**Problem to work on**
Look below for the line holding "Lars Eidinger macht" and the line holding "סוויטה, Hyatt Regency London Blackfriars". Repeat those two and everything between, exactly.

Information supplied: Begin

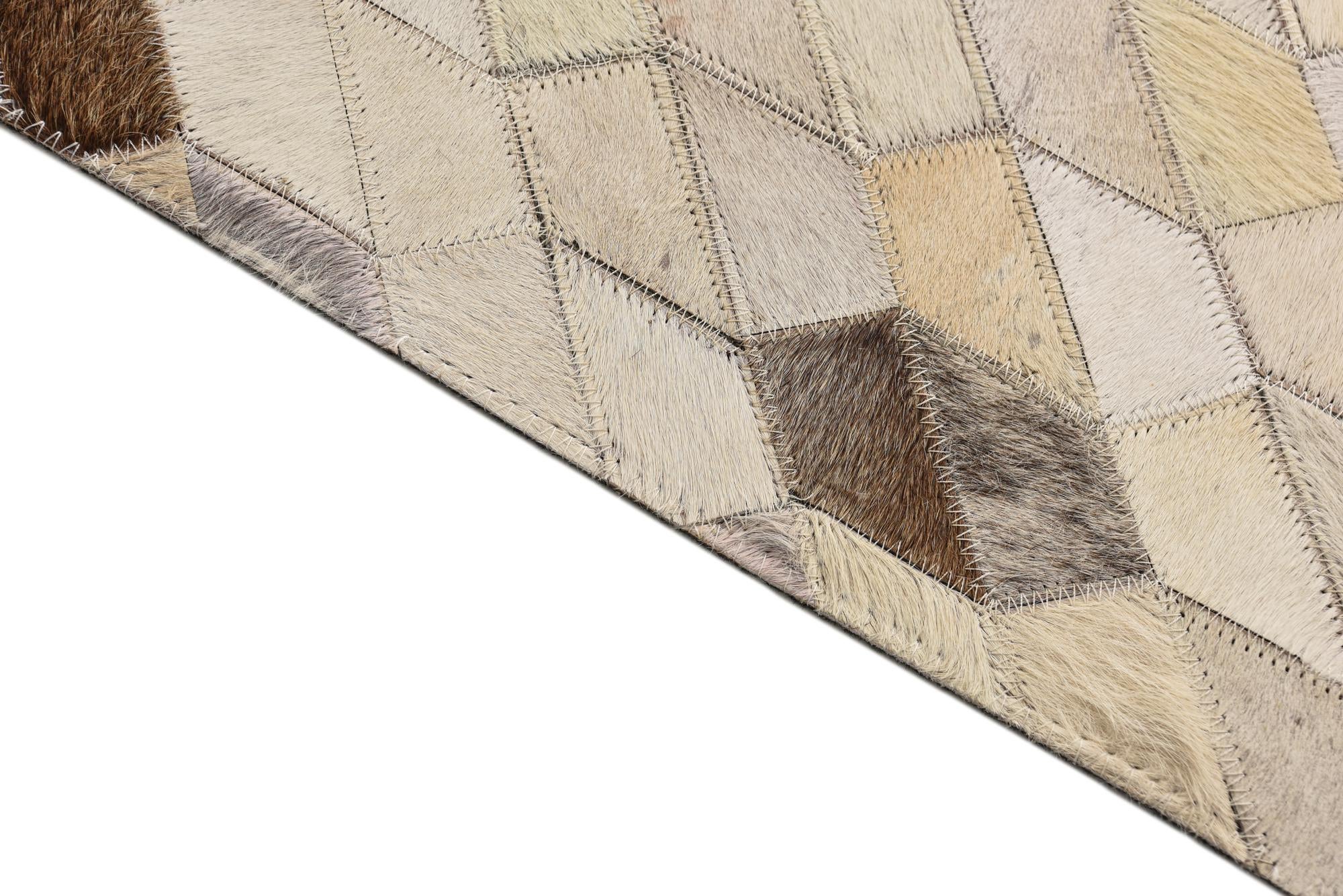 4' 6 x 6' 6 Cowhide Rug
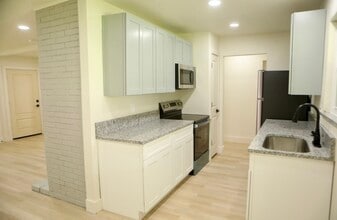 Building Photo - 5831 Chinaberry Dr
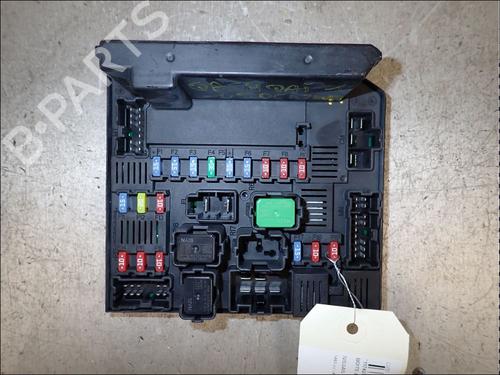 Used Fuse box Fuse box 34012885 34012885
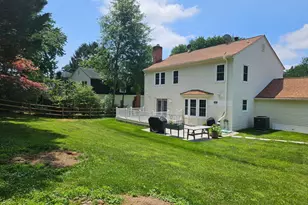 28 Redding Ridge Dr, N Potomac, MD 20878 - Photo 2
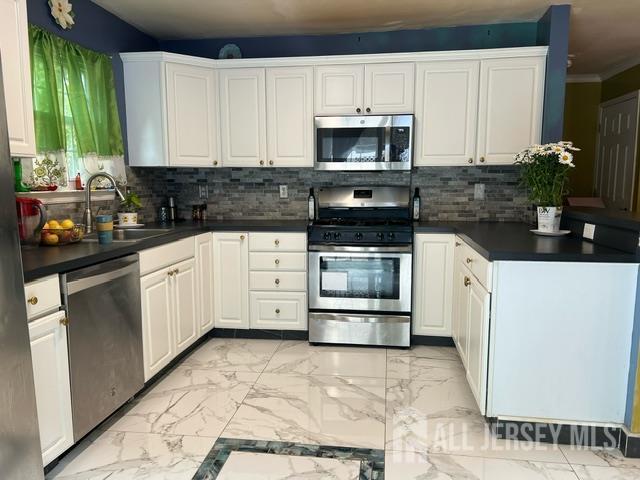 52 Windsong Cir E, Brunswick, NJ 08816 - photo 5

Information supplied: End
Information supplied: Begin

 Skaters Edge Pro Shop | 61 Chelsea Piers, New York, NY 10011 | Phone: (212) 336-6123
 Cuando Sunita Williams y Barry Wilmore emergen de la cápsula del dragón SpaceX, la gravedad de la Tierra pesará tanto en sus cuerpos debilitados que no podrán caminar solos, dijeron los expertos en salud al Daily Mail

Information supplied: End
Information supplied: Begin

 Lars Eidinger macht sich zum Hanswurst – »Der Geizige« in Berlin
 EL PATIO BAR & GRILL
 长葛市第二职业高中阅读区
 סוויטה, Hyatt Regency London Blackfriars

Information supplied: End

**Response to the exercise**
 Lars Eidinger macht sich zum Hanswurst – »Der Geizige« in Berlin
 EL PATIO BAR & GRILL
 长葛市第二职业高中阅读区
 סוויטה, Hyatt Regency London Blackfriars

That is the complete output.